▸ TASK OBJECTIVE
Line by line, repeat the material below exactly and leave the images out.

▸ DATA SHOWN
-- Opening Marker --

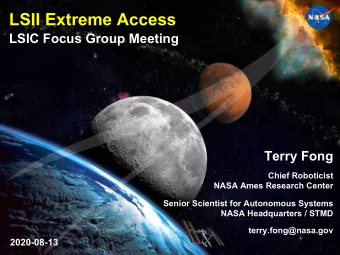 LSII Extreme Access LSIC Focus Group Meeting  Terry Fong  Chief Roboticist  NASA Ames Research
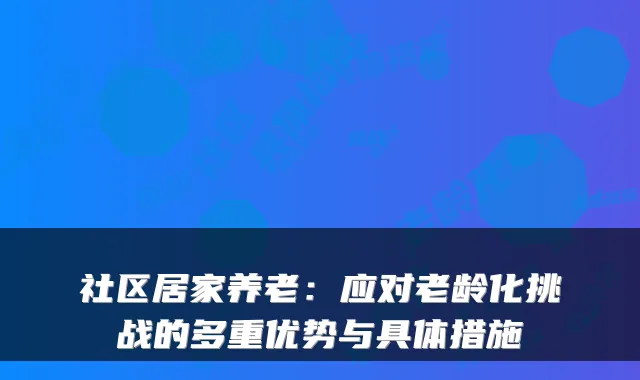社区居家养老：应对老龄化挑战的多重优势与具体措施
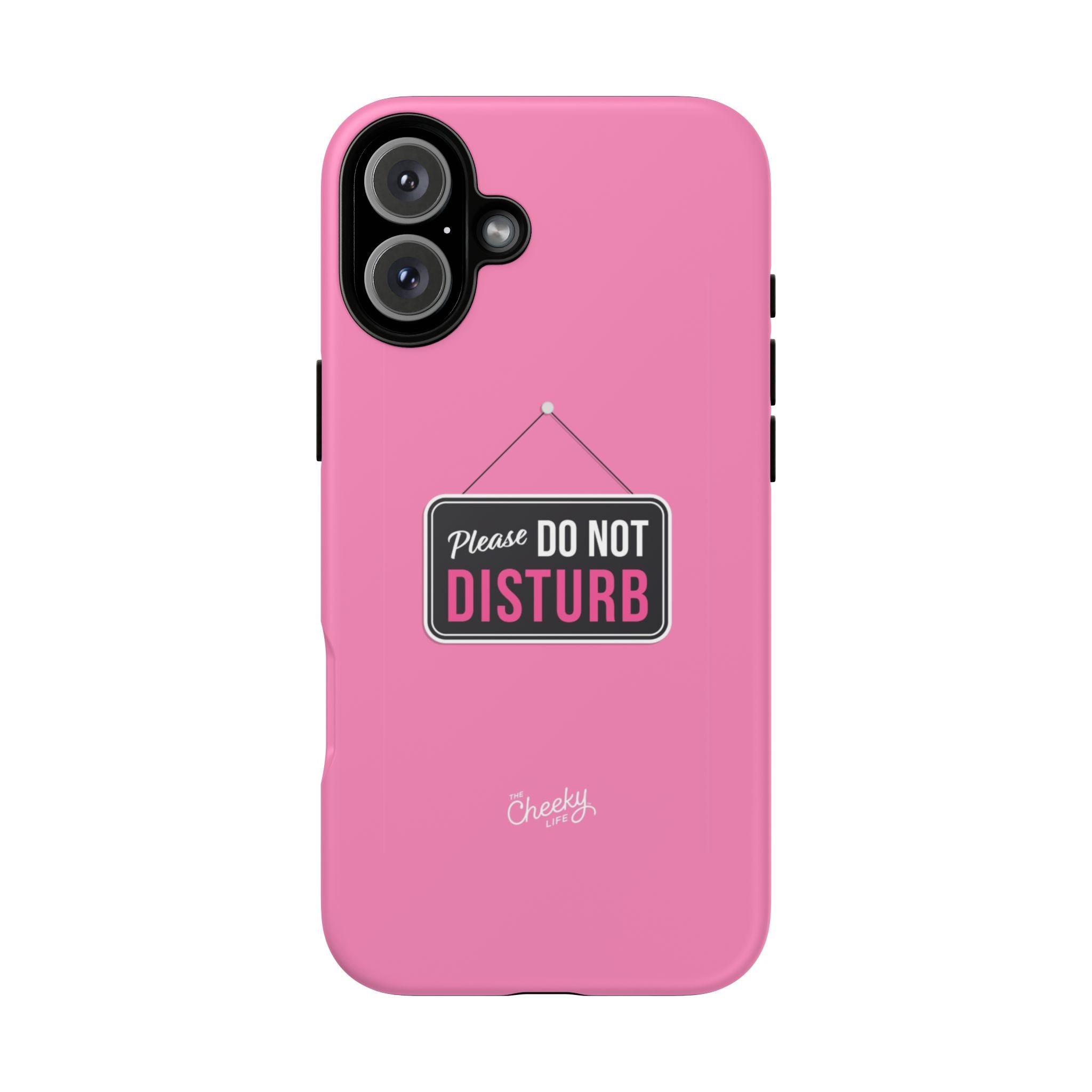 Do Not Disturb Phone Case, Cute Tough Case, Gift for Her, Motivational Tech Accessory, Pink Phone Cover with Attitude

-- Closing Marker --

▸ PROBLEM SOLUTION
 LSII Extreme Access LSIC Focus Group Meeting  Terry Fong  Chief Roboticist  NASA Ames Research
社区居家养老：应对老龄化挑战的多重优势与具体措施
 Do Not Disturb Phone Case, Cute Tough Case, Gift for Her, Motivational Tech Accessory, Pink Phone Cover with Attitude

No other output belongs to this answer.